L’employeur a donc tout son rôle à jouer dans cette dynamique de formation, véritable investissement pour l’avenir. « Le réflexe de la part des employeurs à l’égard de la formation est bon, mais il faut poursuivre les partenariats entre le monde académique et les entreprises pour cerner les domaines qui intéressent la Place. » Les acteurs vont certainement investir dans la formation, car l’avenir et la diversification de la Place se fixent sur des orientations plus pointues, dont l’importance va augmenter progressivement.

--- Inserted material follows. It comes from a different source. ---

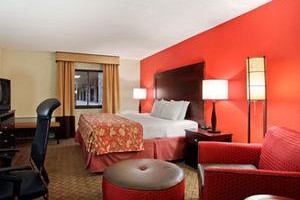 Ramada Lansing Hotel And Conference Center Image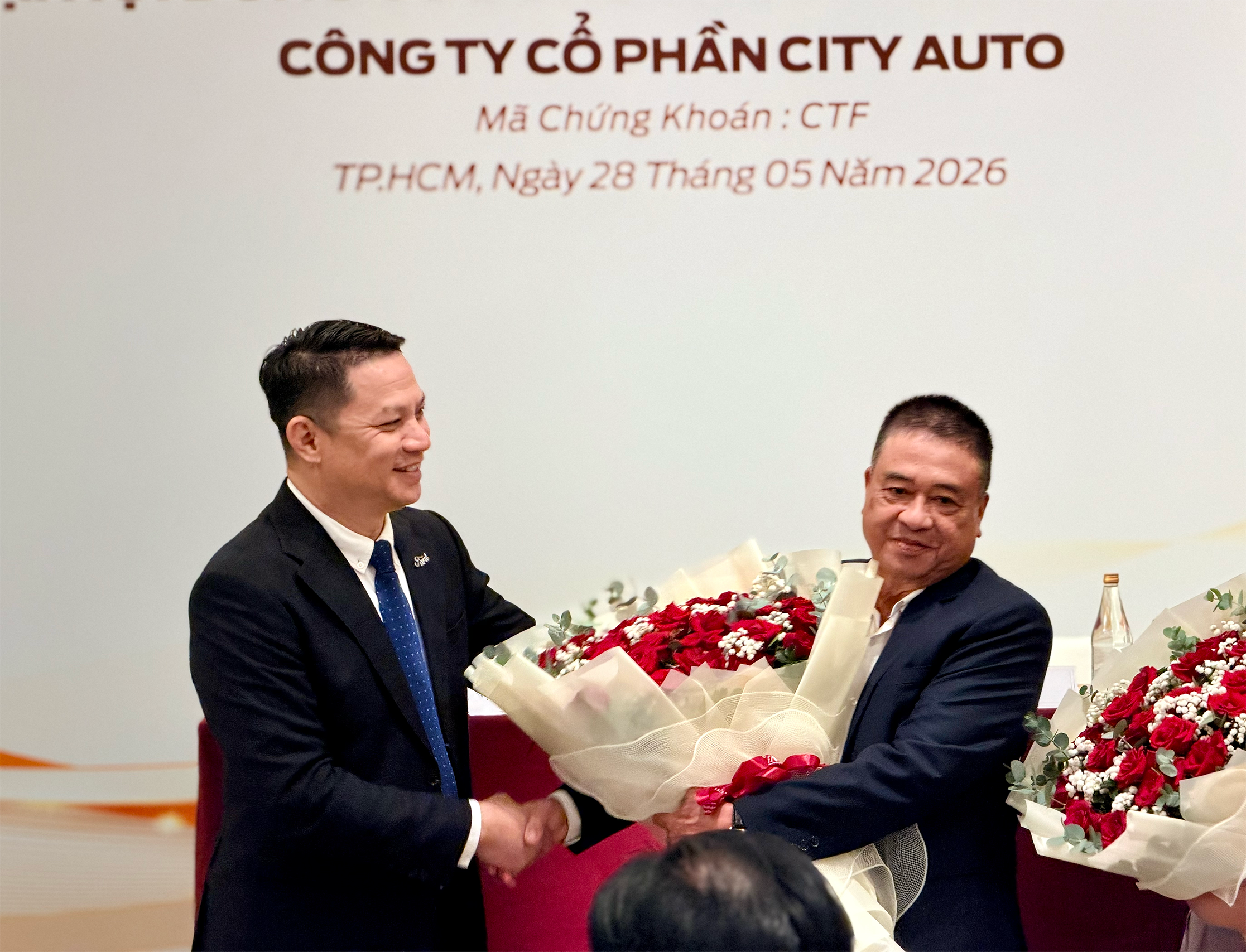 Ford - Quan hệ cổ đông 5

Et M. Presber d’évoquer en premier lieu la diversité des produits et des fonctions au sein de la banque, des fonds et de l’assurance, et au-delà. « Nous allons aussi observer une valeur ajoutée plus pointue. On entend souvent parler de licenciements massifs dans la presse, mais l’arrivée de plus petites structures, qu’elles soient actives dans l’IT, les family offices, les fiduciaires et qui s’installent au Luxembourg, emploient des collaborateurs au profil à haute valeur ajoutée. » La diversification viendra enfin par le biais des compétences. « Outre l’adaptabilité de notre législation, qui continuera d’être un atout, la vraie différence viendra du savoir-faire que nous serons capables d’enseigner et de répandre pour soutenir les niches, les compétences et les produits. » Des voies de développement qui montrent l’importance de la formation et la recherche de talents. Car à l’heure où la Place entend continuer à se diversifier, tant par rapport aux acteurs présents qu’aux produits et aux fonctions développées, toutes les forces vives seront les bienvenues pour réussir la compétition entre centres financiers.
Recrutement
Nouvelle donne, mêmes recettes
Entre des budgets toujours plus contractés et un manque de visibilité, le recruteur doit pouvoir tirer son épingle du jeu, d’autant plus que les cabinets sont désormais nombreux au Luxembourg. Cette concurrence implique que chacun mette ses arguments différenciateurs en avant. Certains évoquent des expériences antérieures, d’autres misent sur des collaborateurs aguerris. Mais la vraie différenciation ne vient-elle pas de la capacité à trouver le bon candidat et d’éviter toute incertitude dont le client a horreur, particulièrement en temps de crise ?
Pour dénicher la perle rare, tous semblent s’être convertis au célèbre réseau social professionnel : Linkedin. Un outil indéniable, tant pour les recruteurs que les candidats. Mais les acteurs du recrutement affirment, dans le même temps, continuer à exploiter leur carnet d’adresses classique, et à entretenir des relations interpersonnelles. À l’heure de la numérisation des contacts, un échange réel, si possible de visu, permet souvent aux parties de mieux se comprendre.